-- Opening Marker --

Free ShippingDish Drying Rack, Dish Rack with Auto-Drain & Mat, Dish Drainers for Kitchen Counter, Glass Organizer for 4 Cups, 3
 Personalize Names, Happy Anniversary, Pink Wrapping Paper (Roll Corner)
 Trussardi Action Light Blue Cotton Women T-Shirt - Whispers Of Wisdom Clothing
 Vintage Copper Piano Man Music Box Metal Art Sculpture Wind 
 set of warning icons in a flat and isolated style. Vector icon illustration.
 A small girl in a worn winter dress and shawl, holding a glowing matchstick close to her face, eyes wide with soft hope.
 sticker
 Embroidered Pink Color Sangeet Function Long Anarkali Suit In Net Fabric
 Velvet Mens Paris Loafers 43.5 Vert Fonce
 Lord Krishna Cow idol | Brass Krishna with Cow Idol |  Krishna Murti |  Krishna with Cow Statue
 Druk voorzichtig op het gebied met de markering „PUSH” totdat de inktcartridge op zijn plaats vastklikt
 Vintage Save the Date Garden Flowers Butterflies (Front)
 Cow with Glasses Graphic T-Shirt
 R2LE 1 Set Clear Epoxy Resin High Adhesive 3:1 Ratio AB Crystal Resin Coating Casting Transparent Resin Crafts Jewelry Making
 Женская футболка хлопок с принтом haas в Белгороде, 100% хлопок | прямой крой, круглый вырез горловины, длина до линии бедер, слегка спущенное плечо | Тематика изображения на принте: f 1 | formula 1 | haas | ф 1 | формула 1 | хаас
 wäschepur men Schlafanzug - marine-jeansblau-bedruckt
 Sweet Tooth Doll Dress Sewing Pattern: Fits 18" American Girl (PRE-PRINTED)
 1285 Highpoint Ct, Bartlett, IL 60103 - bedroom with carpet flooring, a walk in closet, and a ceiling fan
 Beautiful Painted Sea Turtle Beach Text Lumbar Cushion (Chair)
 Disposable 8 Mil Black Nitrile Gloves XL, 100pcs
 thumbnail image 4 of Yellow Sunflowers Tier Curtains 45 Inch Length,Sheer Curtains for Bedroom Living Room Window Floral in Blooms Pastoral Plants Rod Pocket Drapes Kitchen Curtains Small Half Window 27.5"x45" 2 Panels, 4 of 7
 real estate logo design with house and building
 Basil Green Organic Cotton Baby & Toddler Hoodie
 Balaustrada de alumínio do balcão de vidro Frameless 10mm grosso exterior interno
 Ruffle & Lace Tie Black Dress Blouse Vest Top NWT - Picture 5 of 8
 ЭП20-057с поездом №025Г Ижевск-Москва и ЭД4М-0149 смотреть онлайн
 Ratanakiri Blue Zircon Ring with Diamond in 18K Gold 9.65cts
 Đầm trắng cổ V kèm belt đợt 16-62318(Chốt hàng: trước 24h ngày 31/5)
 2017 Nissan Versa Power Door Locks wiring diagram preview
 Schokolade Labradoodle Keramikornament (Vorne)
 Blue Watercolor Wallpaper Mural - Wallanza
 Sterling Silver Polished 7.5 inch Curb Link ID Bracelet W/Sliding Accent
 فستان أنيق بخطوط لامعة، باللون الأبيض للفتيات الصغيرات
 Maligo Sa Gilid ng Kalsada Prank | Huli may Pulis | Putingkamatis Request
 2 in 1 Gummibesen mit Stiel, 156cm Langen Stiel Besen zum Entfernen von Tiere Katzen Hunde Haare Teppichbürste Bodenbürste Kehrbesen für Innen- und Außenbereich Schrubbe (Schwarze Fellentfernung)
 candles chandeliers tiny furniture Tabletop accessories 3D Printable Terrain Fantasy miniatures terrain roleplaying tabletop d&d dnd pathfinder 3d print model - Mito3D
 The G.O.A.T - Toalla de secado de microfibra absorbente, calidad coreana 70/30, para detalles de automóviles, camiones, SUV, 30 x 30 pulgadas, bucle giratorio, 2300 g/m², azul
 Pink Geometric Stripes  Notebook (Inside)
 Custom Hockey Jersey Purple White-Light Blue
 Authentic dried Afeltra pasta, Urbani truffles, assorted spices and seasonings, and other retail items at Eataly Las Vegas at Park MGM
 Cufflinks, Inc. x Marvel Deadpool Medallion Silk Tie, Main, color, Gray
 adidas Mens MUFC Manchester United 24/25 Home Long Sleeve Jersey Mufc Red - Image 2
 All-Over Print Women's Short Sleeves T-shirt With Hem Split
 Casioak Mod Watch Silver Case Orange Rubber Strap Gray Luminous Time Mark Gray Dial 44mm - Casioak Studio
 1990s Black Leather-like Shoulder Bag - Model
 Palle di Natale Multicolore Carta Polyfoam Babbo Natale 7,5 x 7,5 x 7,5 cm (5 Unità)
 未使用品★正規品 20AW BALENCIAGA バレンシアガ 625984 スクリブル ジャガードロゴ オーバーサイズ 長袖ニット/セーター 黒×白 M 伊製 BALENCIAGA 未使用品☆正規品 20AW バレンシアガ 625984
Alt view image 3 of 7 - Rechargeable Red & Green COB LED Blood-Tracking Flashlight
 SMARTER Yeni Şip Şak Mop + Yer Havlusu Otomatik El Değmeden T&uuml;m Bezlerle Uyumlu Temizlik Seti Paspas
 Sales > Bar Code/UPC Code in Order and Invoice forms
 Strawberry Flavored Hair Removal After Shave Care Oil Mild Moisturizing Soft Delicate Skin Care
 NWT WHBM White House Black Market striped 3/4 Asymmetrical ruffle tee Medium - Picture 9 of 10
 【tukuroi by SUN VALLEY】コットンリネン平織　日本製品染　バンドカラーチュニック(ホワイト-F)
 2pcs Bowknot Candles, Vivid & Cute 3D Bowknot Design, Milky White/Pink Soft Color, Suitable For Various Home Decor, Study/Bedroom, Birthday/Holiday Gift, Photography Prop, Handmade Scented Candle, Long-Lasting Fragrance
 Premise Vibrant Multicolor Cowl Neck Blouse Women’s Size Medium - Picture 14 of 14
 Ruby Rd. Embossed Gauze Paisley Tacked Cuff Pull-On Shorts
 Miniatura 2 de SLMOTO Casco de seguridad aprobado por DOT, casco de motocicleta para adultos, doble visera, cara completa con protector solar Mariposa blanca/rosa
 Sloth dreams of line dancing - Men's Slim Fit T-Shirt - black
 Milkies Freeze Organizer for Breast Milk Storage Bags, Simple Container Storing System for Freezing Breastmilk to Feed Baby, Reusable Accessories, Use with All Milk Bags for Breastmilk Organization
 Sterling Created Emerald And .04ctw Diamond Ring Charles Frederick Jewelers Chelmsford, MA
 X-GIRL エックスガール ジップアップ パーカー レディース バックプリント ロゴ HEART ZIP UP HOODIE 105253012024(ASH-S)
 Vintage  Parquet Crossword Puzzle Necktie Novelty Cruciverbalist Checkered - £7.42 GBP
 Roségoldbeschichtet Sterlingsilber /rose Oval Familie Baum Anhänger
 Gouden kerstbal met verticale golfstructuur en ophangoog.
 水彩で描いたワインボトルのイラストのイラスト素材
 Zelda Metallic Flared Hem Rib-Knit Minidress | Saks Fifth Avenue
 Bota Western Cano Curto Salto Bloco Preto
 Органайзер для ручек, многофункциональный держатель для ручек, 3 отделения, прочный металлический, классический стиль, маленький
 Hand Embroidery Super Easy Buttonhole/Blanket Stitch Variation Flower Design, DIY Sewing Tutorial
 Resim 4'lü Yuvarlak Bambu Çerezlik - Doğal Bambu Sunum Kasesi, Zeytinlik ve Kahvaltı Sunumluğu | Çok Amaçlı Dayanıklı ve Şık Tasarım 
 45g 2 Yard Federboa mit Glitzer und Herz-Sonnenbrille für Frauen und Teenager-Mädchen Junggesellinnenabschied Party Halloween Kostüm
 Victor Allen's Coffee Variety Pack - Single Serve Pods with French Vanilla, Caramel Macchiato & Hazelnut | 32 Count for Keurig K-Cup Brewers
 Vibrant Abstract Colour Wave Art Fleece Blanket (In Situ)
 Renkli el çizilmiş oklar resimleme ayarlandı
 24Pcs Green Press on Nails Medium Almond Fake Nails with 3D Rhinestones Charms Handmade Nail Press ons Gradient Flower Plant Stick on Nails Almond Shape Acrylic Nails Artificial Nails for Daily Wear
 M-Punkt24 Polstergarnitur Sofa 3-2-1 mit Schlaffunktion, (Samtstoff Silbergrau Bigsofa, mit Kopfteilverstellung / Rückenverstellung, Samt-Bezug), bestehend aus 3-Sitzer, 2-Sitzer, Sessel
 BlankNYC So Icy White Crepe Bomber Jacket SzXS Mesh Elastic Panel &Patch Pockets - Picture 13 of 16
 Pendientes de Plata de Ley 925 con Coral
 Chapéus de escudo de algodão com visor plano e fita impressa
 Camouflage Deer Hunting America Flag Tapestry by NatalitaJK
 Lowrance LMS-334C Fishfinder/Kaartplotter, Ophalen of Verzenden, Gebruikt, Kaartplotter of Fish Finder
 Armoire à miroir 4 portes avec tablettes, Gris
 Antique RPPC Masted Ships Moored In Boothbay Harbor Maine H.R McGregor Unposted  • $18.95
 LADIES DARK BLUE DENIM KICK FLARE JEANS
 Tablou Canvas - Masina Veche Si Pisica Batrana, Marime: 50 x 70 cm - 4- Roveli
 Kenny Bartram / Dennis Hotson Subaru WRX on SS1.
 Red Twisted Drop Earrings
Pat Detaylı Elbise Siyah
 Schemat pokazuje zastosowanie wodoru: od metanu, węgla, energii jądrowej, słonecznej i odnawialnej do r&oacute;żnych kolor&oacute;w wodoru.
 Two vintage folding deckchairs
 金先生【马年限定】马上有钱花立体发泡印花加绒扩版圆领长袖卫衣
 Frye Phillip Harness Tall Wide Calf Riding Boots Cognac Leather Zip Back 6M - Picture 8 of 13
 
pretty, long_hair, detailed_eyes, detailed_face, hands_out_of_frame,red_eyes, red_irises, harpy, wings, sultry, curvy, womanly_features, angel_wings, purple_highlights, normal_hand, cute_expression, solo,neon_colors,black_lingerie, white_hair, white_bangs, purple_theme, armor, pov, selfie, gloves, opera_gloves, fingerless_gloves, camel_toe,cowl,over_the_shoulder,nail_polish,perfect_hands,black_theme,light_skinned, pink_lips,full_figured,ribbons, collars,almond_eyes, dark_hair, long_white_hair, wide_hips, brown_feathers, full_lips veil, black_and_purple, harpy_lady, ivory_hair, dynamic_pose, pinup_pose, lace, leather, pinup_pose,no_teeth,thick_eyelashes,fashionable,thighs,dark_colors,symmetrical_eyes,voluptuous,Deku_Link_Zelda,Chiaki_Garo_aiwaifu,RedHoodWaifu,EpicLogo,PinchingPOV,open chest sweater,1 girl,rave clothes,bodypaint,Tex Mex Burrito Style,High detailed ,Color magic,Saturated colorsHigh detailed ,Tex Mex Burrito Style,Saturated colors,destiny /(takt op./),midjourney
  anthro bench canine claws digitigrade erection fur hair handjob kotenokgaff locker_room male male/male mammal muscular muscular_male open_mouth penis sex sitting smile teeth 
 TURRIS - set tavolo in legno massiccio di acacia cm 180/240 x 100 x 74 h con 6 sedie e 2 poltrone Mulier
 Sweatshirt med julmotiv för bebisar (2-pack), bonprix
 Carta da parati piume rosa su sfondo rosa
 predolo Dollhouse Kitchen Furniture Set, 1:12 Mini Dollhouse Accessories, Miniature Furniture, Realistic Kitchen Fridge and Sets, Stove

-- Closing Marker --

In the data above, retype exactly and only the lines between the one holding "Casioak Mod Watch" and the one holding "Milkies Freeze Organizer", inclusive.

 Casioak Mod Watch Silver Case Orange Rubber Strap Gray Luminous Time Mark Gray Dial 44mm - Casioak Studio
 1990s Black Leather-like Shoulder Bag - Model
 Palle di Natale Multicolore Carta Polyfoam Babbo Natale 7,5 x 7,5 x 7,5 cm (5 Unità)
 未使用品★正規品 20AW BALENCIAGA バレンシアガ 625984 スクリブル ジャガードロゴ オーバーサイズ 長袖ニット/セーター 黒×白 M 伊製 BALENCIAGA 未使用品☆正規品 20AW バレンシアガ 625984
Alt view image 3 of 7 - Rechargeable Red & Green COB LED Blood-Tracking Flashlight
 SMARTER Yeni Şip Şak Mop + Yer Havlusu Otomatik El Değmeden T&uuml;m Bezlerle Uyumlu Temizlik Seti Paspas
 Sales > Bar Code/UPC Code in Order and Invoice forms
 Strawberry Flavored Hair Removal After Shave Care Oil Mild Moisturizing Soft Delicate Skin Care
 NWT WHBM White House Black Market striped 3/4 Asymmetrical ruffle tee Medium - Picture 9 of 10
 【tukuroi by SUN VALLEY】コットンリネン平織　日本製品染　バンドカラーチュニック(ホワイト-F)
 2pcs Bowknot Candles, Vivid & Cute 3D Bowknot Design, Milky White/Pink Soft Color, Suitable For Various Home Decor, Study/Bedroom, Birthday/Holiday Gift, Photography Prop, Handmade Scented Candle, Long-Lasting Fragrance
 Premise Vibrant Multicolor Cowl Neck Blouse Women’s Size Medium - Picture 14 of 14
 Ruby Rd. Embossed Gauze Paisley Tacked Cuff Pull-On Shorts
 Miniatura 2 de SLMOTO Casco de seguridad aprobado por DOT, casco de motocicleta para adultos, doble visera, cara completa con protector solar Mariposa blanca/rosa
 Sloth dreams of line dancing - Men's Slim Fit T-Shirt - black
 Milkies Freeze Organizer for Breast Milk Storage Bags, Simple Container Storing System for Freezing Breastmilk to Feed Baby, Reusable Accessories, Use with All Milk Bags for Breastmilk Organization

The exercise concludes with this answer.